Wilkinson was taken to police headquarters for questioning and over the course of the next 90 minutes made three statements. The first two denied any knowledge of Pauline’s death and amounted to little more than what he’d told her parents. Then, as he was about to end his explanation of events for the third time, his demeanour changed. He began to sweat profusely, his brow, upper lip and hands all becoming moist.

‘Now let me think,’ he told Detective Sergeant David McNicoll, wringing his hands nervously. ‘I will have to tell someone anyway. Wait a minute. I can’t remember it all but it was me that done it.’

When Wilkinson came to stand trial at the High Court in Dundee three months later, two other alleged offences had appeared on the indictment along with the murder charge, narrating how he had punched Pauline on the face and body with his fists and indecently assaulted her before strangling her to death.

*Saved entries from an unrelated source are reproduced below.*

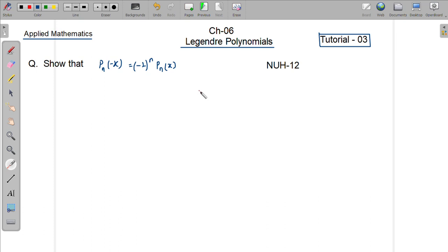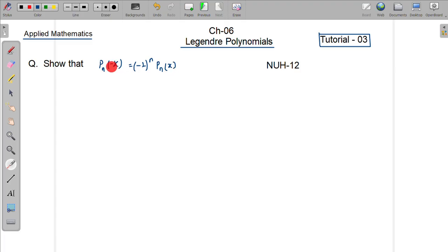Assalamualaikum. This is the Theory of Functions class. We will see the Legendre polynomial — this is the 3rd tutorial. We will get the problem solved; we will get the question: to show that phi_n of minus x equals phi_n of x.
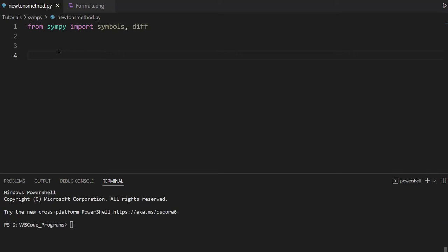In this tutorial, we're going to explore how we can code Newton's root finding method inside Python. Newton's method is a technique that we use to find the root of an equation. Now Newton's method is a fairly common mathematical concept, and it's generally taught at the high school level.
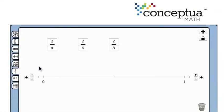Welcome to Conceptual Math. We are exploring the free online tools. In this segment, the number line.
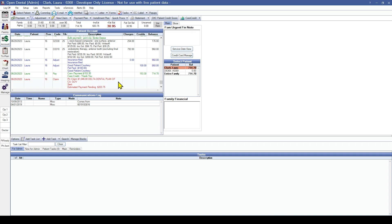Now that we have those claims recreated, we have attached the insurance estimates to these individual procedures. We can see that where insurance is estimated to pay $94.75 on this procedure and write off $129 on this procedure, this actually results in the patient having overpaid. So one thing we always want to do after recreating the outstanding insurance claims for the entire family is run an income transfer to make sure we don't have any overpayments.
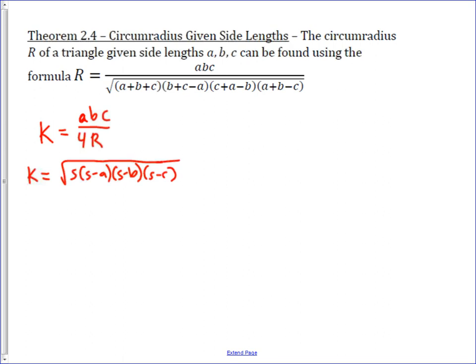What we're going to do — which is a very common technique when dealing with triangles — is take these two expressions that both represent area and set them equal. But before we do, the big part of this proof actually has to do with the manipulation of Heron's formula. So let's start with S minus A.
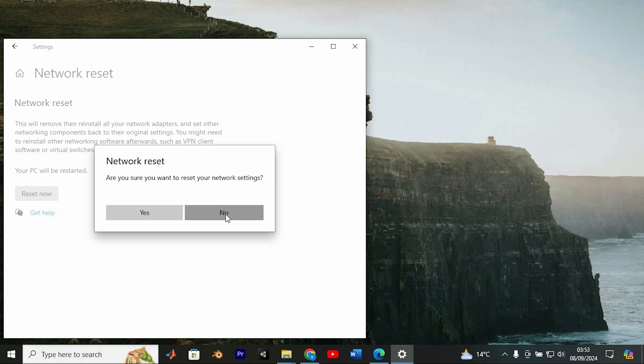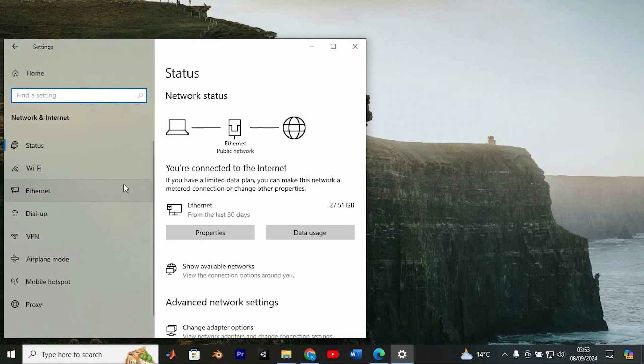Once your computer boots back up, you should be good to go. Just re-enter your WiFi credentials and you'll be back online in no time. Yeah, that's it.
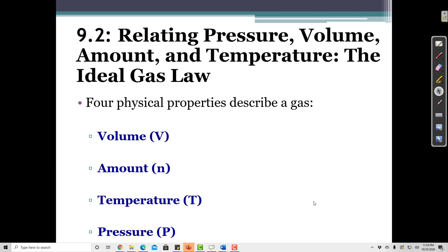There are generally four physical properties that describe a gas: the volume, the amount of the gas, the temperature of the gas, and the pressure of the gas.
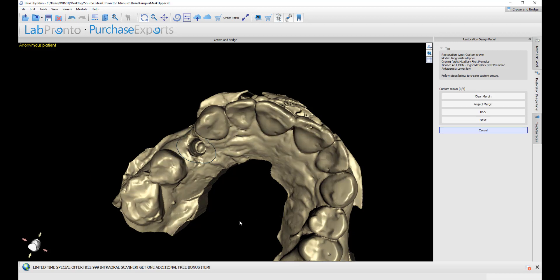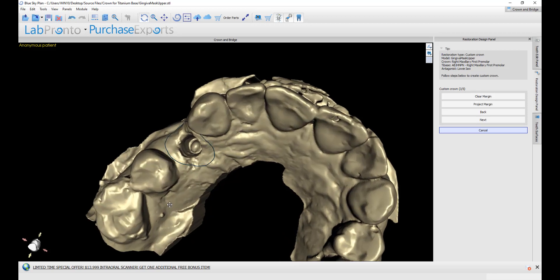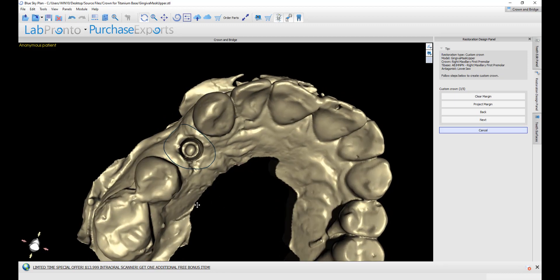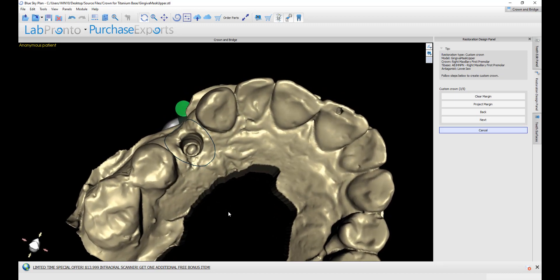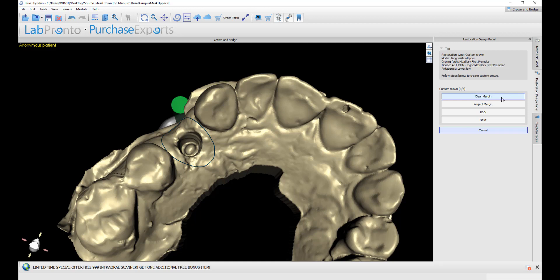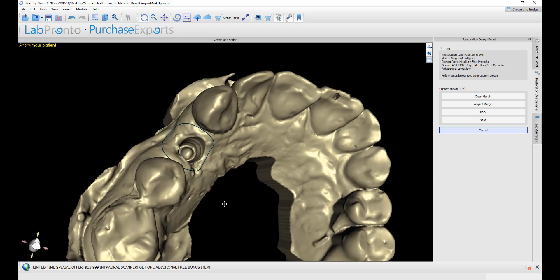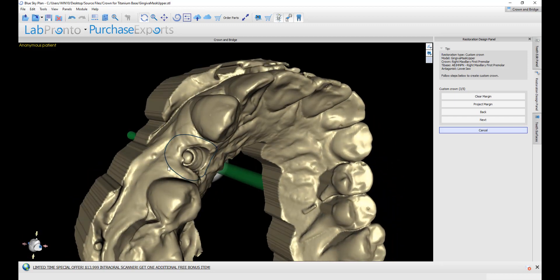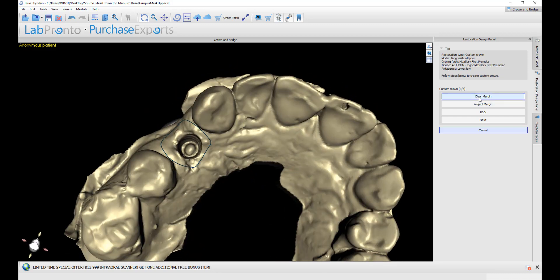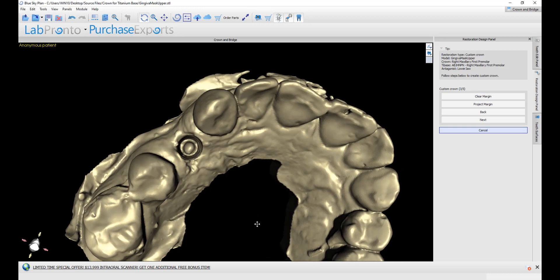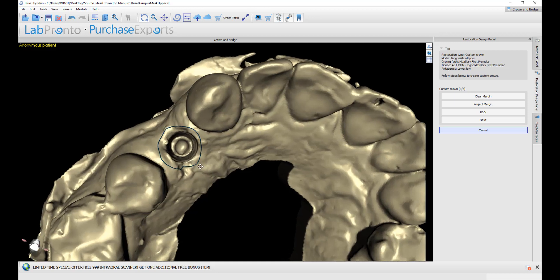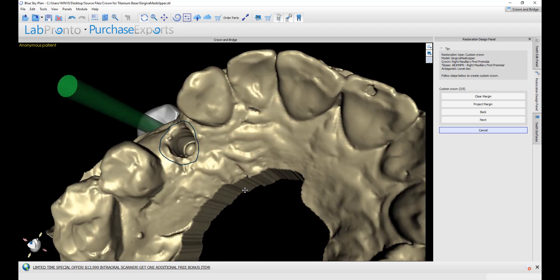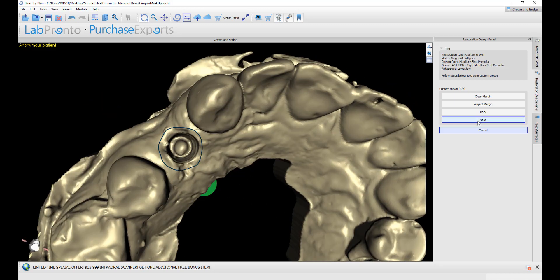The software draws the margin curve proposal automatically. We could fine tune it by clicking clear margin and just drawing it ourself. Or just hold down the shift key and left drag to redraw the curve. Or if we click clear margin, then we could hold down the shift key and just start placing dots with our left mouse button around the curve. And at the last point, just drag it to reconnect to the start point. Once we have the desired curve, click next.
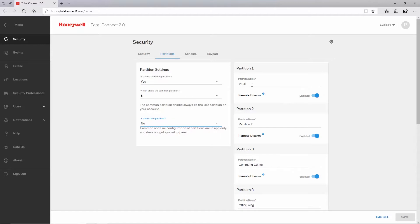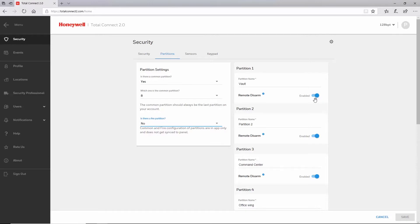You will see the partition number, partition name, and remote disarm. One reason you might use the remote disarm option is for a high security area such as a vault that you would never want to disarm without having someone physically present at the site. This setting only applies to the disarm option found on the security or partitions tab. Remote disarming through the virtual keypad will still be allowed.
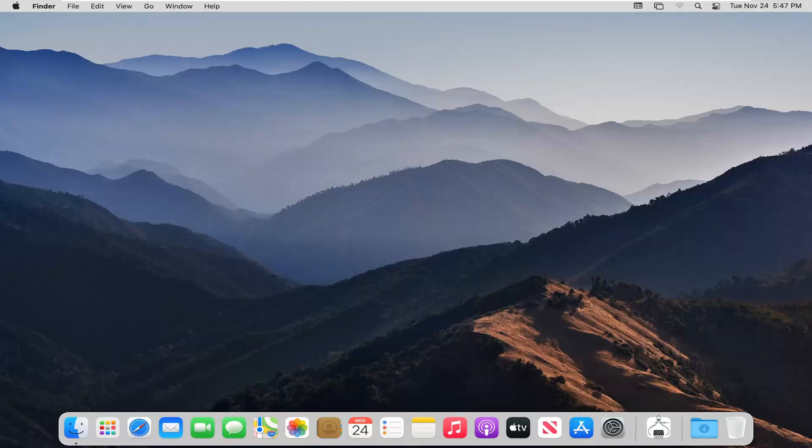Basically, if you want the wallpaper to change after so many minutes in a random order, perhaps you have different photo albums you want to switch between, or you like the different Mac themes available on your computer. It should be a pretty straightforward tutorial, so let's go ahead and jump right into it.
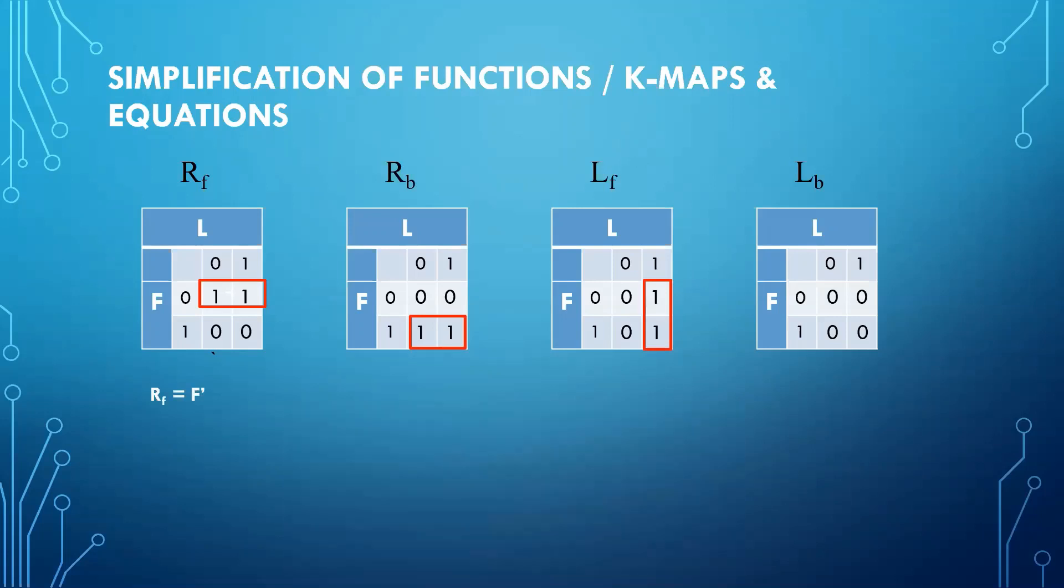And now we will write the equations according to the encircled ones. This is RF is equal to F complement. RB is equal to F. LF is equal to L. And LB is grounded.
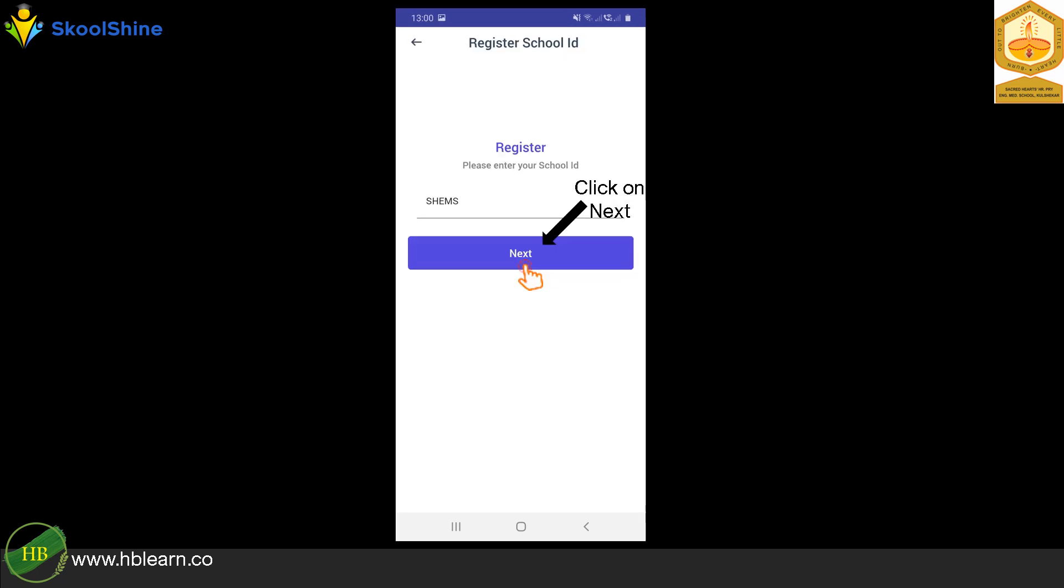Using all capital letters, kindly type SHEMS and click on the next button. Kindly ensure that there are no spaces in between.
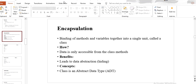Hi everyone, this is me Habiba Shabir. Today we will learn encapsulation. What is encapsulation? It is a property which ensures binding of methods and variables together into a single unit. Encapsulation ensures methods and variables, or functions and data, are bound in a single unit which is called a class.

Allegedly, in the months prior to the killing of Pauline, he had used indecent practices towards two 12-year-old girls in his home and then, on another occasion, with girls aged 13 and 14.

Wilkinson never disputed in court that he had taken Pauline’s life but submitted a plea that he was insane at the time and therefore not responsible for his actions; a defence the Crown rejected.

A prime witness in the case was the accused man’s daughter, the playmate of Pauline, whose evidence was particularly harrowing. Describing the events of the fateful afternoon, she provided the jury of eight men and seven women with a traumatic account of what had taken place, her simple words illustrating the depths of her father’s depravity.

Questioned by Advocate Depute J.G. Milligan for the prosecution, she quietly explained what had occurred.

‘Pauline came home with me that day after school,’ she said. ‘We were playing in my room. My daddy was in the living-room and he gave me some money to buy sweets.

‘Pauline said she would stay with my daddy and I went to get some sweets for both of us.’

The young witness went on to tell how, when she returned home, she found her father and Pauline playing cards. He then took her friend into a bedroom and a short time later she heard screams. It sounded as though Pauline was calling out to go home, she recalled. When her father came out of the room he explained that he’d ‘put his hand across Pauline’s mouth.’

Asked to describe what she saw, the youngster said Pauline was lying on the bedroom floor.

Mr Milligan asked: ‘Was she awake or did she seem to be sleeping?’

‘She seemed to be dead,’ the little girl told the court.

The young witness recounted how her father then instructed her to fetch her skipping rope.